Os honorários advocatícios passaram a ter sua natureza alimentar expressamente prevista no Estatuto da Advocacia e da Ordem dos Advogados do Brasil (OAB). A mudança foi promovida pela Lei nº 15.472/2026, sancionada em 21 de julho e publicada no Diário Oficial da União no dia 22.
A norma altera os artigos 22 e 24 da Lei nº 8.906/1994 e assegura aos honorários os mesmos privilégios atribuídos aos créditos decorrentes da legislação trabalhista. A regra abrange valores convencionados entre advogado e cliente, fixados ou arbitrados judicialmente e honorários de sucumbência.
De acordo com o novo parágrafo 9º do artigo 22, os honorários decorrentes da prestação de serviços profissionais constituem direito dos inscritos na OAB, possuem natureza alimentar e devem receber tratamento privilegiado em qualquer modalidade de concurso de credores.
Títulos executivos
A lei também modificou o artigo 24 do Estatuto da Advocacia. A nova redação estabelece que o ato judicial que fixar ou arbitrar honorários e o contrato escrito que estipular o pagamento são títulos executivos.

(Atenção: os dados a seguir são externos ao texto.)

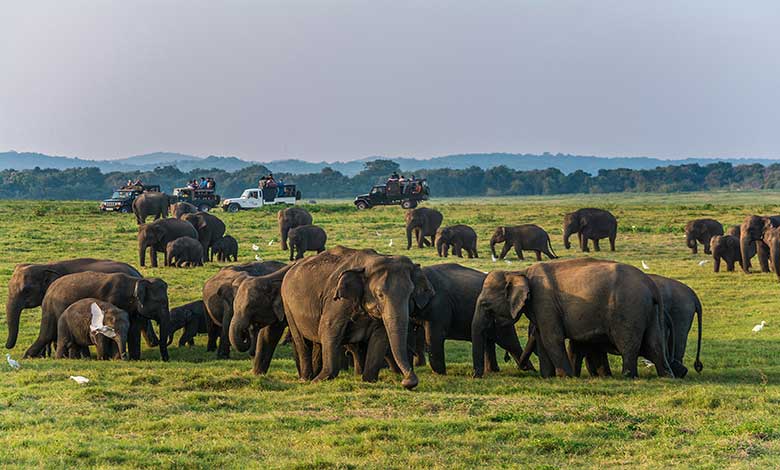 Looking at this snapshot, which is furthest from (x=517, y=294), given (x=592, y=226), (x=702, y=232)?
(x=592, y=226)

Esses valores passam a ser expressamente classificados como créditos privilegiados em casos de falência, concordata, recuperação judicial e extrajudicial, concurso de credores, insolvência civil e liquidação extrajudicial.
Na prática, a alteração insere diretamente no Estatuto da Advocacia a natureza alimentar dos honorários e a posição privilegiada desses créditos nos procedimentos em que diferentes credores disputam o recebimento de valores.
A Lei nº 15.472/2026 teve origem no Projeto de Lei nº 850/2023 e entrou em vigor na data de sua publicação, em 22 de julho.